Cet idiot de Mac-Mahon nuit beaucoup au débit des Trois Contes ; mais je m’en console, car, après tout, je ne m’attendais pas à un succès comme celui de l’Assommoir. De toutes les lettres que l’on m’a écrites et de tous les articles (favorables généralement), ce qui m’a fait le plus de plaisir, ce sont vos deux lettres. Oui, c’est cela qui m’a été au cœur ! Je vous en remercie bien, mais n’en suis nullement étonné.
J’ai fait dire, selon ma coutume, beaucoup de bêtises, car j’ai le don d’ahurir la critique. Elle a presque passé sous silence Hérodias. Quelques-uns même, comme Sarcey, ont eu la bonne foi de déclarer que c’était « trop fort pour eux ». Un monsieur, dans l’Union, trouve que Félicité c’est « Germinie Lacerteux au pays du cidre ! » Ingénieux rapprochement. Mes louangeurs ont été Drumont, dans la Liberté ; Banville (National) ; Fourcaud (Gaulois) ; Lapierre (Nouvelliste de Rouen) et avant tout Saint-Valry, dans la Patrie.
Plusieurs articles favorables doivent ou devaient paraître, mais tout a été arrêté par le Bayard des temps modernes. Je n’y pense plus et retourne à mes bonshommes qu’il faut avancer et finir.
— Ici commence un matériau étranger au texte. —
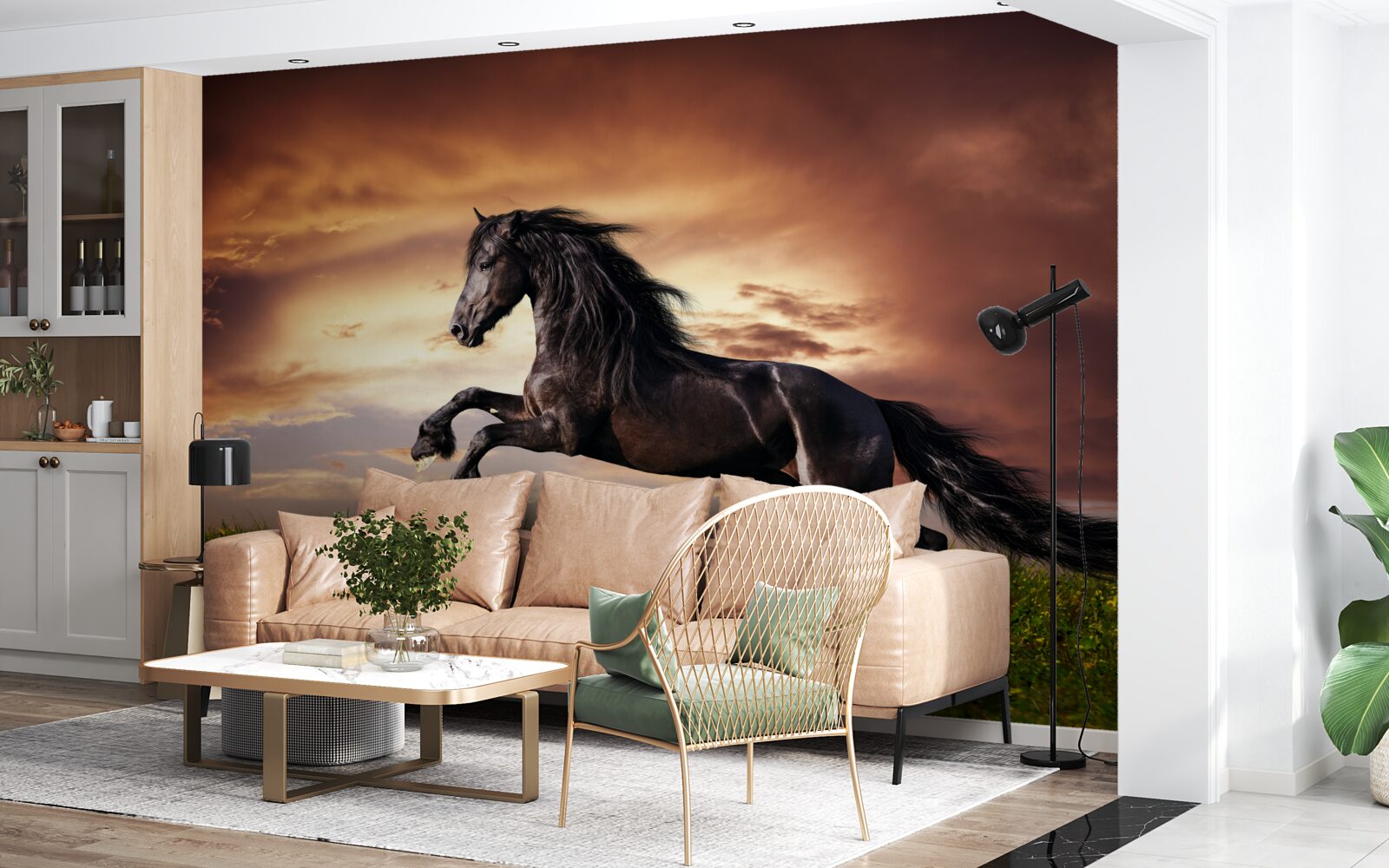 Fotobehang sterk paard springt op groen gras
La semaine dernière j’ai passé trois jours à Chenonceaux, chez Mme Pelouze, qui est une personne exquise et très littéraire (comme vous). On y apporte Ronsard à table, au milieu du dessert ! J’y ai lu Melænis, de notre pauvre Bouilhet. En le lisant, je songeais à lui et à vous, quand vous débitiez si bien le troisième chant dans le petit salon de la Muse. Comme c’est loin ! comme le torrent nous emporte ! Je m’accroche aux rives et vous baise les deux mains tendrement.
Écrivez-moi à Croisset, dites-moi comment vous allez, ce que vous lisez et tout ce qui vous passera par la tête. Je demande comme une grâce que vos épîtres soient longues, tenant surtout à la quantité, car de la qualité je n’en doute.